== Segment start ==
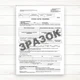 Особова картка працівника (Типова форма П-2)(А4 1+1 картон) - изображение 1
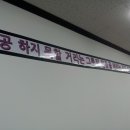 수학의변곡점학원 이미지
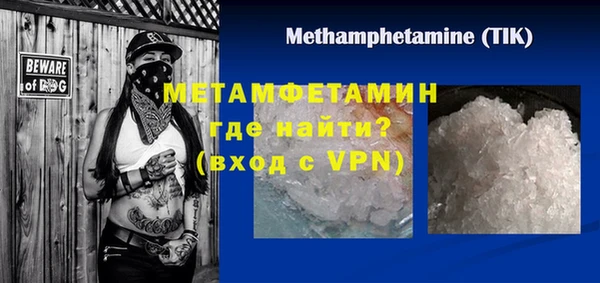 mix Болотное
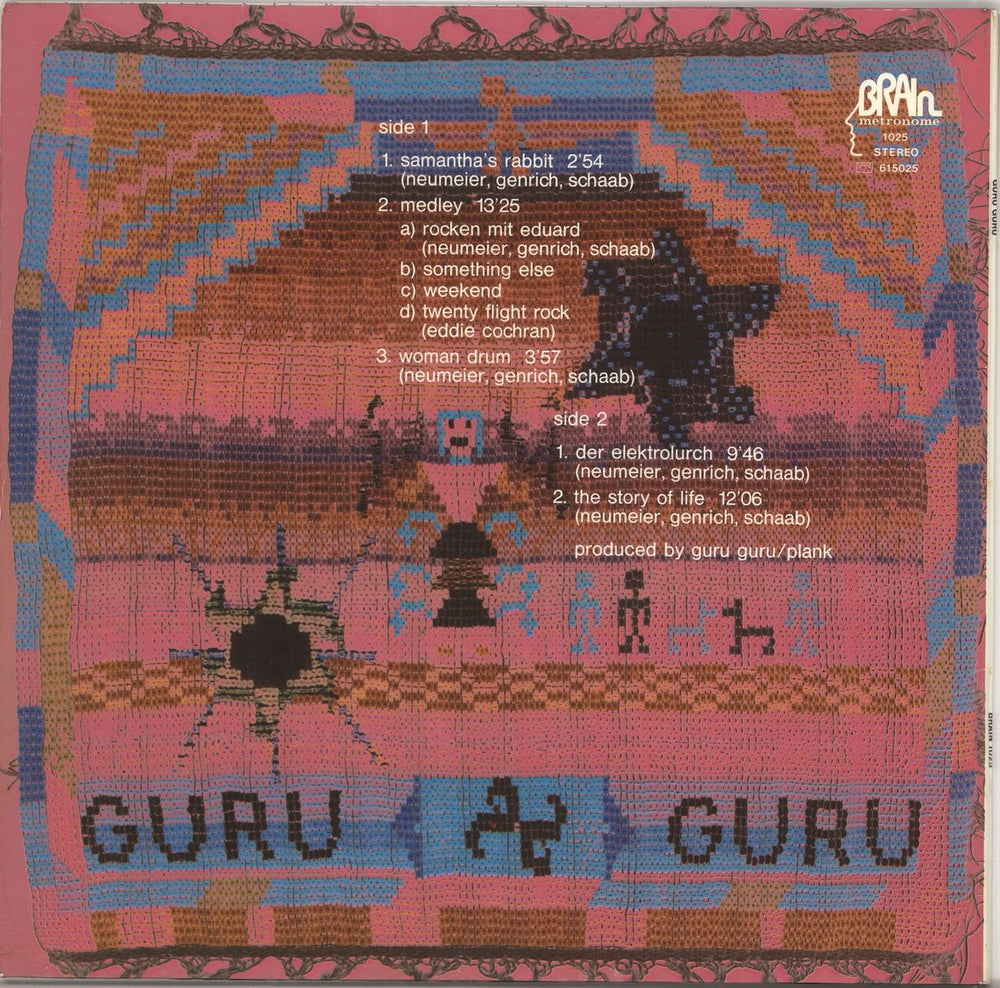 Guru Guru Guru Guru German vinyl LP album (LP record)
== Segment end ==
== Segment start ==
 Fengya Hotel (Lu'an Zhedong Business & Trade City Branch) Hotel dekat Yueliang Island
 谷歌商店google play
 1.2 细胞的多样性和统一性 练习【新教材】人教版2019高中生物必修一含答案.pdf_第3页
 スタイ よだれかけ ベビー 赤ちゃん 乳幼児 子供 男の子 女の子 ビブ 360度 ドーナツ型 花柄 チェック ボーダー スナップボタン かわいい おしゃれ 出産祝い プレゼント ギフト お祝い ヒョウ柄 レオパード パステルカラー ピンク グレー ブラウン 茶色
== Segment end ==
== Segment start ==
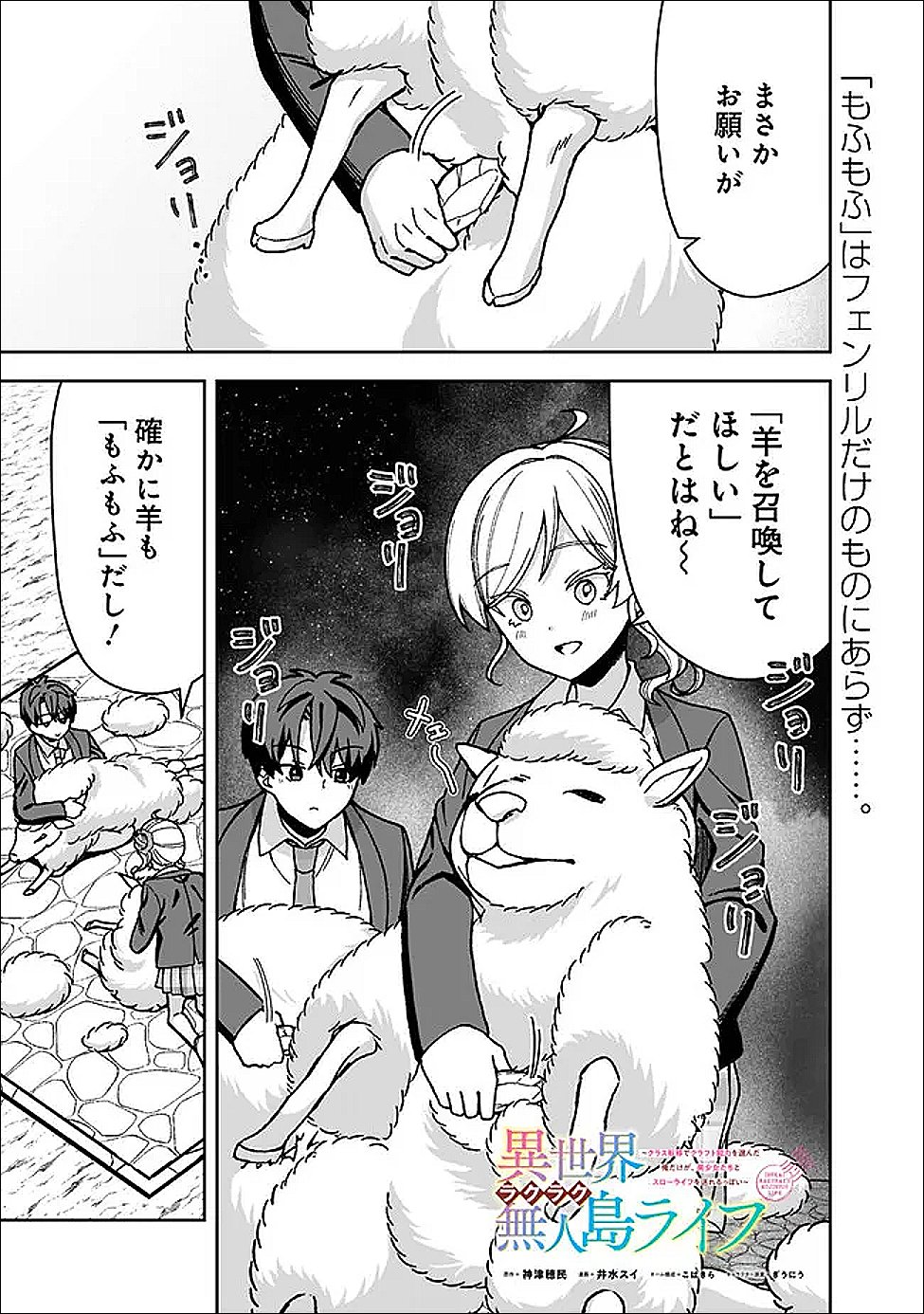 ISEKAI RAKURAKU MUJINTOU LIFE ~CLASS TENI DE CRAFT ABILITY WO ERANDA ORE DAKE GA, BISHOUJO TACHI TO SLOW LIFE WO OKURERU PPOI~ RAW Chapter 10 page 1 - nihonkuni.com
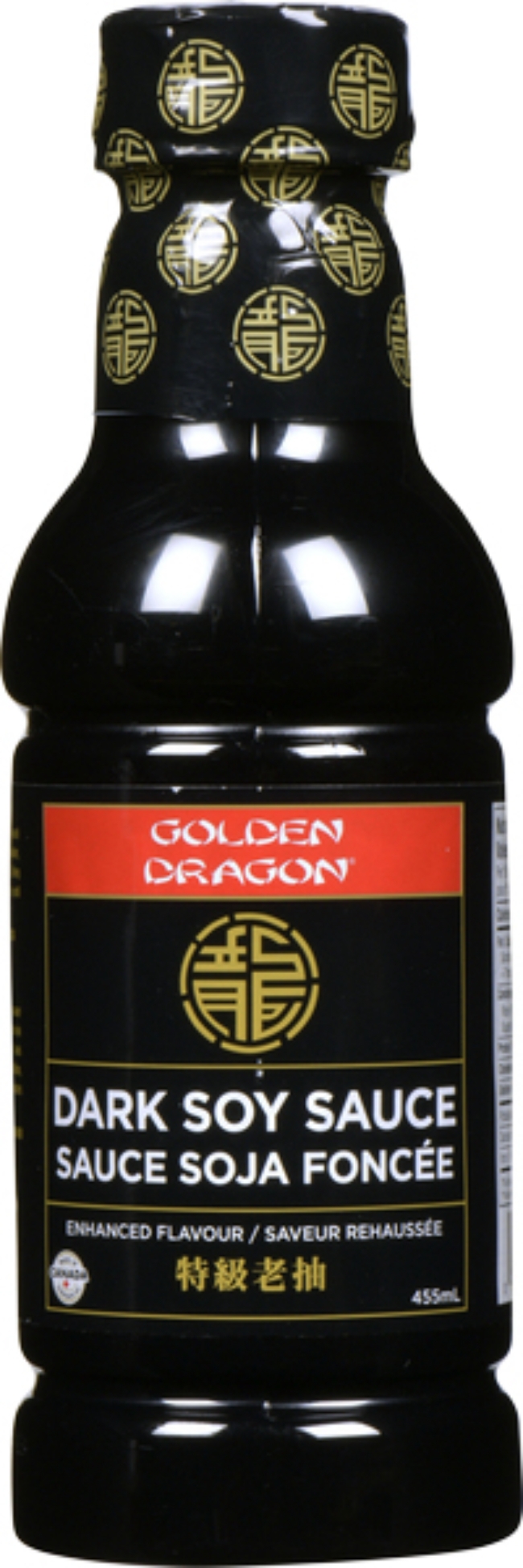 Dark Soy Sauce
== Segment end ==
With the pictures omitted, restate word for word the lines above from the line that has "Особова картка працівника" up to and including the line that has "Guru Guru Guru", and no other lines.

 Особова картка працівника (Типова форма П-2)(А4 1+1 картон) - изображение 1
 수학의변곡점학원 이미지
 mix Болотное
 Guru Guru Guru Guru German vinyl LP album (LP record)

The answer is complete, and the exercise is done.